Feature Description Status
exp(x)

Custom Formulas:

 

Add support for the exponential function.

This will enable the fully generic non-integer power function for real numbers.

 

This involves inverting log(x) with Newton's Method.

This one is going be ugly. While it's conceptually easy to invert the natural logarithm with Newton's Method, there's a whole mess of other things to deal with:

  • log(x) is already painfully slow. A simple implementation of Newton's Method invert will result an even more painfully slow exp(x). There are a lot of optimizations that the current AGM and log(x) implementations are not doing that may affect the exp(x) implementation. If the end goal is to have a fully optimized exp(x), is now even an appropriate time to do it? There is a real possibility that any work done now will need to be redone later.

  • The current log(x) has this mess with the constants Pi and log(2). This is probably going to carry over to exp(x).

  • Status printing is going to be a problem. Right now log(x) has a lot of status printing - especially when Pi and log(2) are not precomputed. It will be called many times for exp(x). There needs to be a way to slim it down without sacrificing too much information delivery.

This was on the roadmap for v0.7.8, but it has been shelved indefinitely.

Radix Conversion Checkpointing Add checkpointing to the radix conversions.
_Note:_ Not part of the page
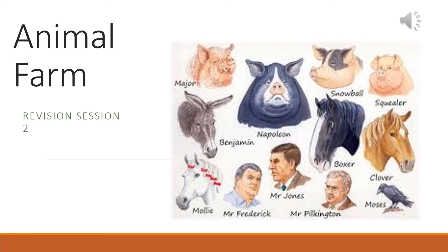Hello Year 11 and welcome to revision session 2 of Animal Farm. You're going to need to have your documents ready from last lesson — a piece of paper and pen where you were making notes last time, your exercise book, or the Google Docs where you started to make notes and add your own personal ideas.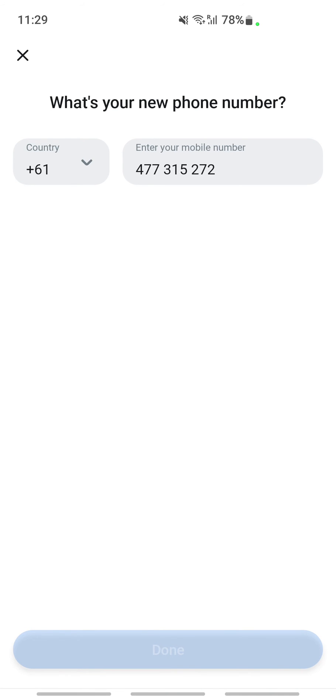That's how you change your phone number on Revolut. Hope this video is helpful. I will see you all in another video. Thank you.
Checkpointing was never implemented in the past for two reasons:

  1. Technical debt: The current radix conversion implementation was never designed to be checkpointed. It is just a prototype that ended up in production and it's messy as hell.

  2. The algorithm is an in-place algorithm. Each step either destroys or modifies the state of the previous step. This is problematic because it's difficult to guarantee a consistent state when the computation can be interrupted at any point.

It's time to revisit this since the conversion can take weeks for the Pi record frontier.

Improved Stress Tester

The current stress-tester has increasingly poor coverage in today's processors. In fact, the program's unit and integration test frameworks are a better stress test than the dedicated stress test itself!

 

Find a way build a new stress test around these "better" workloads.

The difficulty here is that the "best" stress test requires mixing all the different instruction sets (SSE, AVX, AVX512). But each of y-cruncher's binaries focuses on only one of them and it's not easy to use a "lower" ISA when compiling for a "higher" one since the compiler will try to vectorize the code to use the higher one.

Optimized Square Root

Custom Formulas:

 

The current square root is just the inverse square root followed by a multiply by the input.

 

It may be possible to do better by merging that multiply in the final iteration - as is the case for division and reciprocal.

 
Optimize the AGM

Custom Formulas:

 

In the final iterations of the AGM, much of the output is already known. These can be used to skip some of the early iterations of the Newton's Method square root.
 
Optimize log(x)

Custom Formulas:

 

The current log(x) implementation is a dumb wrapper around AGM(1,x).

 

There are ways to make the AGM require fewer iterations that should be investigated.

 
Non-Monotonically Convergent Hypergeometric Series

Custom Formulas:

 

Extend the SeriesHypergeometric function to allow series that are not monotonically convergent.

 

This is needed for confluent hypergeometic functions at large inputs where the series initially diverges before eventually converging.

 

This will allow certain approximation algorithms to be implemented:

  • Sweeney's method for the Euler-Mascheroni Constant
  • Gamma function at rational inputs.

This is expected to be very difficult.

 

Irregular convergence behavior wreaks havoc on the Binary Splitting implementation since a lot of assumptions break down. While the Brent-McMillan formula for the Euler-Mascheroni Constant already exhibits this behavior, it is specially handled.

 

The most difficult part of this is precision control. In order to do precision control, y-cruncher needs to know:

  1. How large the series terms can get.
  2. What magnitude the final value converges to.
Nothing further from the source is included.